Having 64 high performance nodes that are PoS elected provides the infrastructure that enables basilisk mode. Namely 64 servers each with the same set of full nodes running for all of the following coins:
["KMD", "BTC", "USD", "EUR", "JPY", "GBP", "AUD", "CAD", "CHF", "NZD", "CNY", "RUB", "MXN", "BRL", "INR", "HKD", "TRY", "ZAR", "PLN", "NOK", "SEK", "DKK", "CZK", "HUF", "ILS", "KRW", "MYR", "PHP", "RON", "SGD", "THB", "BGN", "IDR", "HRK", "REVS", "SUPERNET", "DEX", "PANGEA", "JUMBLR", "BET", "CRYPTO", "HODL", "SHARK", "BOTS", "MGW", "MVP", "WIRELESS", "KV", "CEAL", "MESH"]
Since all the notary nodes are running all these chains anyway and additionally they are in a position of having some trust, it does not increase the trust exposure to rely on them for blockchain data.
the basilisk client does all of the wallet management, signing, rawtx construction and anything that directly affects your funds. At no point does any notary node obtain any sensitive information. Rather, the notary nodes are providing data that is available to any node with the current blockchain.
If you analyze this as a system, you will find that there is only one way that a basilisk client can lose money and it is of a vandalism nature. Since each basilisk is signing its own transaction and it knows how much is being paid, the only exposure is if a utxo is believed to be smaller than it actually is. Notice that it cant be represented to be larger than it actually is, as that would create an invalid transaction. However, if a basilisk node is fooled into thinking a utxo has a value that is smaller, then it would end up creating a giant txfee.

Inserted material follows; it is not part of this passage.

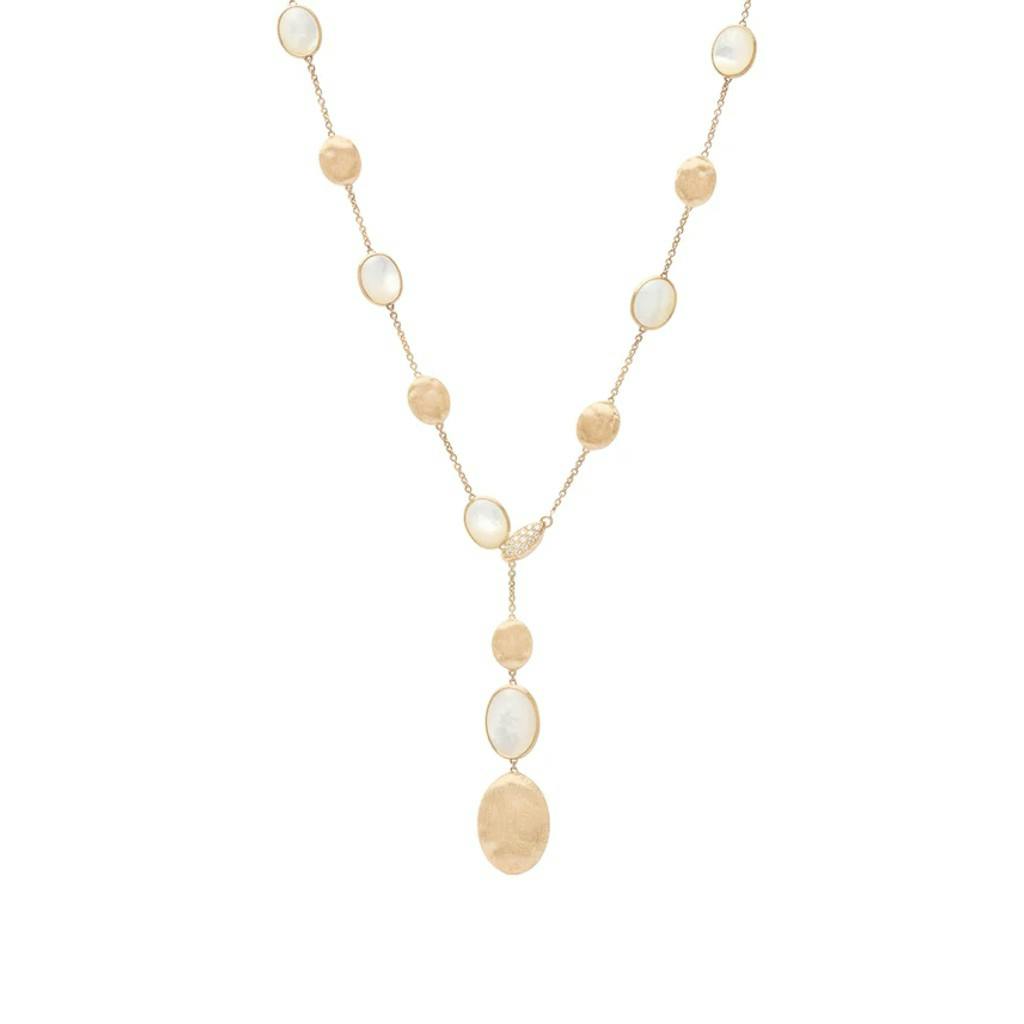 Marco Bicego Siviglia Collection 18K Yellow Gold and Mother of Pearl Lariat Necklace with Adjustable Diamond Clasp 0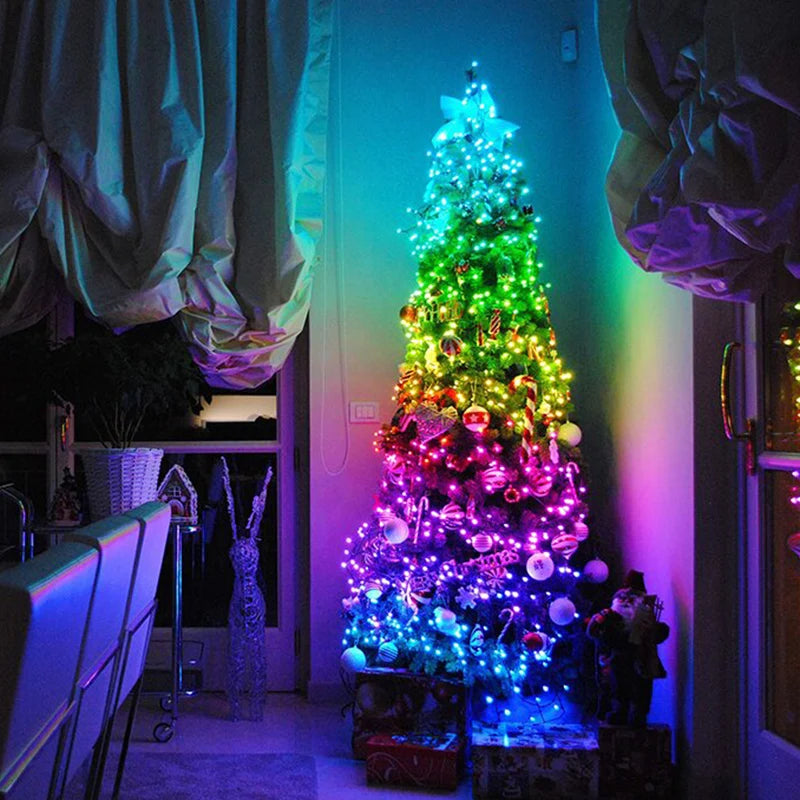 Smart RGB Music Sync LED String Lights – App Controlled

Since the mining is randomized, an evil notary node cant know that it will get the oversized txfee. Additionally, I have capped txfee to 1 KMD, so even after all the work to fool a basilisk node to over spend and to be lucky and get the block with the overspend, it needs to be less than 1 KMD. Seems a lot of work for very small gain. Also, all basilisk packets are signed by a notary's privkey and can be traced to the specific provider. Any evil notary node will quickly be identified and lose notary status.
A big risk for the 1 KMD "windfall"
However, I added a threeway validation for each utxo lookup. That means three random notaries all need to return the identical data for each utxo that is used in rawtx construction. Ultimately, the client GUI can track each utxo and its value and we can store this locally so we dont need to rely on the notary nodes for utxo lookup. However, to get the data needed to know what the tx value is, requires relying on the notaries, so I dont see it as a big priority to get this implemented. It would speed up the tx creation process though so after the must have functions are there, something like this could be scheduled.
For bitcoind experts, you will be saying, "utxo lookups are all nice and good, but you cant do listunspent for addresses that are not in the notary server's wallet" and a basilisk node's address wont be in the wallet, right?
With recent bitcoin versions, the support for watch only addresses was added and the komodo notary nodes utilizes this so it can keep track of transactions for addresses not directly in its wallet. One reason why it takes me so long to do the payouts is because I trigger an importaddress for all the notary nodes for all destination addresses. Also, the GUI does a network importaddress on wallet creation. this way, all transactions after a new wallet is created will have a watch only address and thus listunspent and listtransaction will work.
However, keep in mind that it is possible that sometimes a specific server wont have a certain address being watched for all the time after it is created and there could be occasional intermittent errors when creating basilisk transactions. So far, we are not seeing much of this, but it is a theoretical possibility.
I hope this explains basilisk mode well enough for people to understand.
The atomic explorer also uses the notary nodes for displaying the blockexplorer level data. Also, if you notice the notarychains array has BTC as one of the coins, so it means that you can do BTC basilisk transactions too.